Chapter 3: Organising: Separable, single-threaded leadership

  • Single-threaded leadership: A single person owns an initiative unencumbered by other responsibilities, and heads an autonomous team to deliver its goals. This is a key practice at Amazon.
  • A lot of thinking went into Amazon on how to create a culture that can move fast – they saw that dependencies were the biggest hurdle when it came to speed. Hence an org structure that encouraged creation of smaller teams (2-pizza teams), internal APIs, single-threaded leadership + teams who could move nimbly and achieve more. These mechanisms reduced communication and coordination costs within the organisation. Communication costs are akin to a tax.

Chapter 4: Communicating: Narratives and the six-pager

  • Amazon uses 6-page word docs called Narratives in lieu of powerpoint decks
  • Every 1 hr meeting begins with 20 minutes of silence as attendees read the narratives
  • This has been extensively written about – so i wont go into it again.
  • One interesting element / section in Narratives are Tenets – key assumptions / or a “foundational element of reasoning that led us to make the recommendation. Tenets give the reader an anchor point to evaluate the rest.” Tenets are stated upfront because then the disagreement on tenets can be resolved first before moving on to other sections.
    • In Appendix B in the book, there is a detailed examination of tenets. Tenets per that section are guiding principles that help in decision-making. They help organisations break the tie between two benefits, values, or outcomes when there is a natural tension between them (speed v quality for instance). A famous Amazon tenet is “We dont make money when we sell things. We make money when we help customers make purchase decisions.” (this guides them on leaving negative reviews up etc.)

Chapter 5: Working backwards: Start with the desired customer experience

  • WB starts by defining the customer experience and then working backwards from that point, until the team has clarity on what to build and all aspects of the product design, features and economics.
  • WB is enabled by writing the PR/FAQ document – which writes out a faux PR (press release; typically <1 page) as if the product has been launched, with a FAQ (Frequently Asked Question) section, usually ≤5pages.
  • One advantage of the PR/FAQ is that the Bill of Materials or cost of goods sold and effort needed to arrive at the product can be well-understood and buy-ins can be got from engineering and product teams well in advance.
  • “The primary point of this process is to shift from an internal / company perspective to a customer perspective.”
  • “A common question asked by execs when reviewing a PR is ‘so what?'” If the product doesnt improve customer experience or enhance customer benefit, it is not worth launching.
  • A good FAQ will have both external FAQs (what a customer will ask) and internal FAQs (consumer needs and TAM, Economics, Dependencies, Feasibility etc.)

Chapter 6: Metrics: Manage your inputs, not your outputs

  • Amazon focuses on controllable input metrics, which are the drivers of outputs such as revenue, profits, growth etc.
  • They look at metrics through a weekly business review process (WBR).
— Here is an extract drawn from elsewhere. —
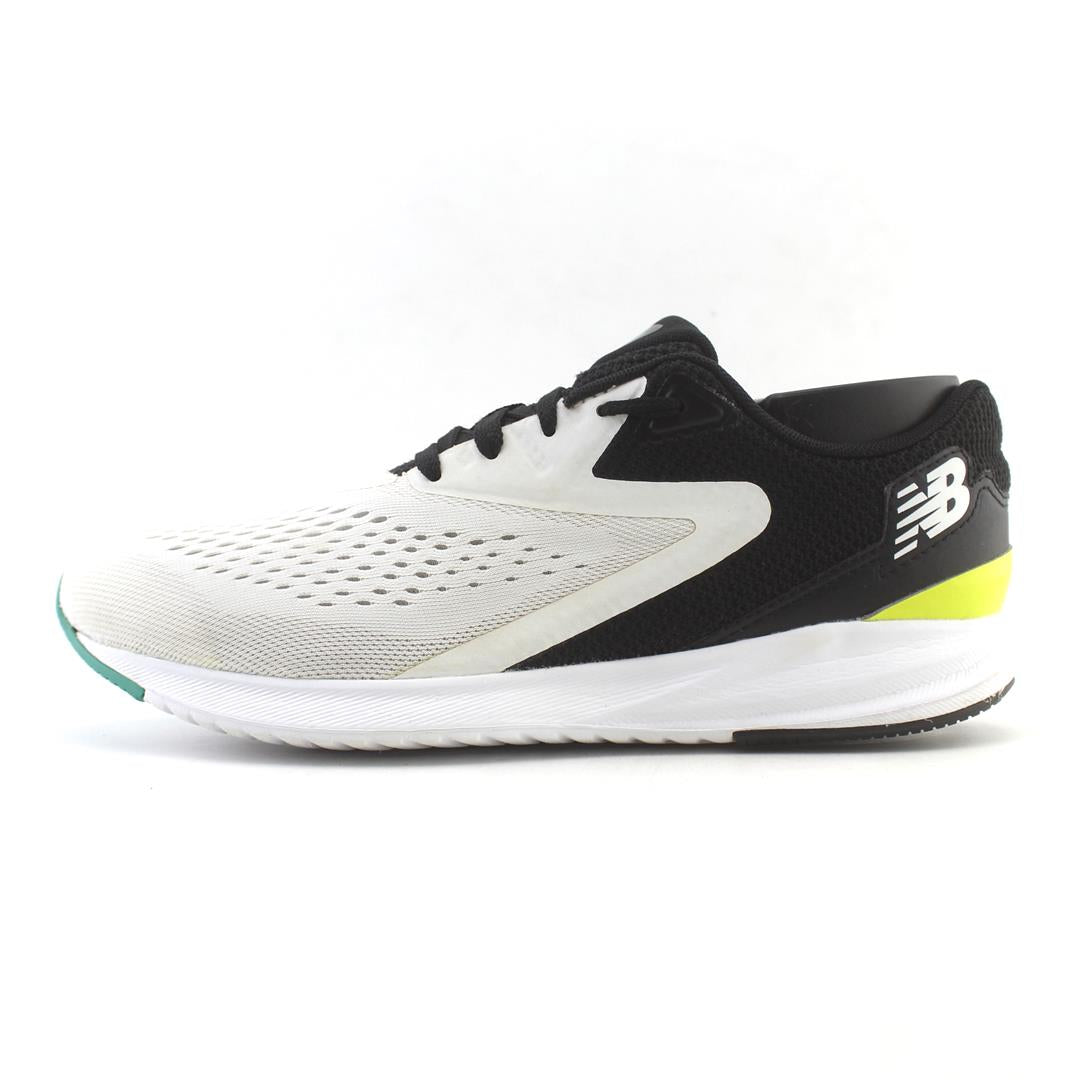 NEW BALANCE .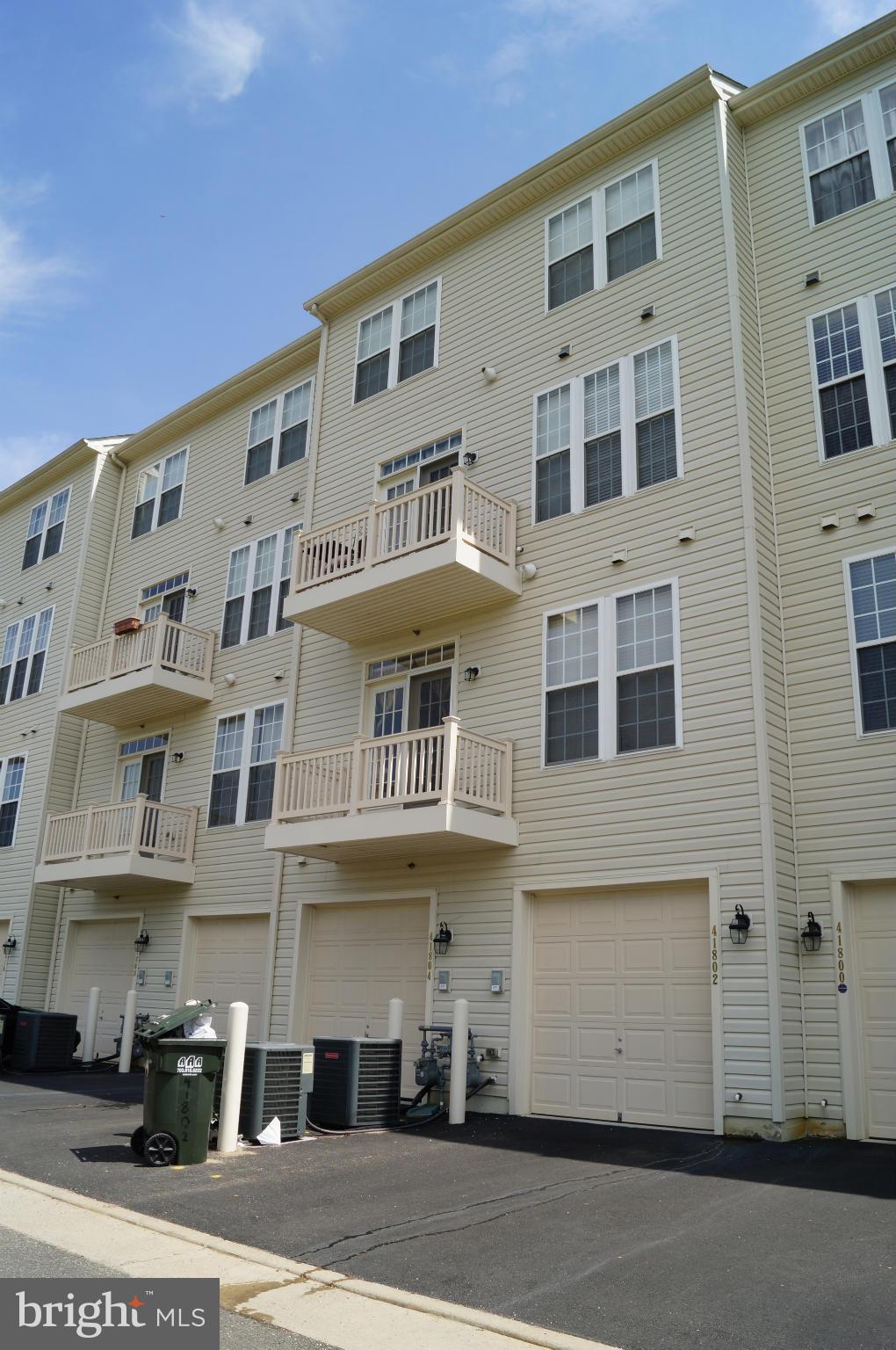41802 Inspiration Terrace, Unit 8F Aldie, VA 20105 - Photo 28 of 30 Rear View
They created the review and determined metrics via the DMAIC (Define, Measure, Analyse, Improve, Control) approach
    • Define what you want to measure – like customer experience or top of funnel widening →Identify the correct controllable input metrics to measure the above
    • Select controllable / actionable input metrics not lagging indicators (like revenue and growth communicated to markets). “Input metrics measure things, that done right, bring about the desired results in your output metrics.”
    • Analyse using the 5 Whys approach pioneered by Toyota. Also use
      • anecdotes / voice of customer
      • CP (contribution profit) exception reports to identify top 10 loss-making
  • Interesting program called Customer Connection; every two years, a corporate employee has to become a customer service agent for 2 years (including Bezos)
    • Customer service agents have an Andon Cord to stop sale of problematic products

Chapters 7-10: covers how Kindle, Prime, Prime Video and AWS came into being.

These chapters show how the lessons of Chapters 1-6 were used in the invention and launch of these four products. No new concept is introduced.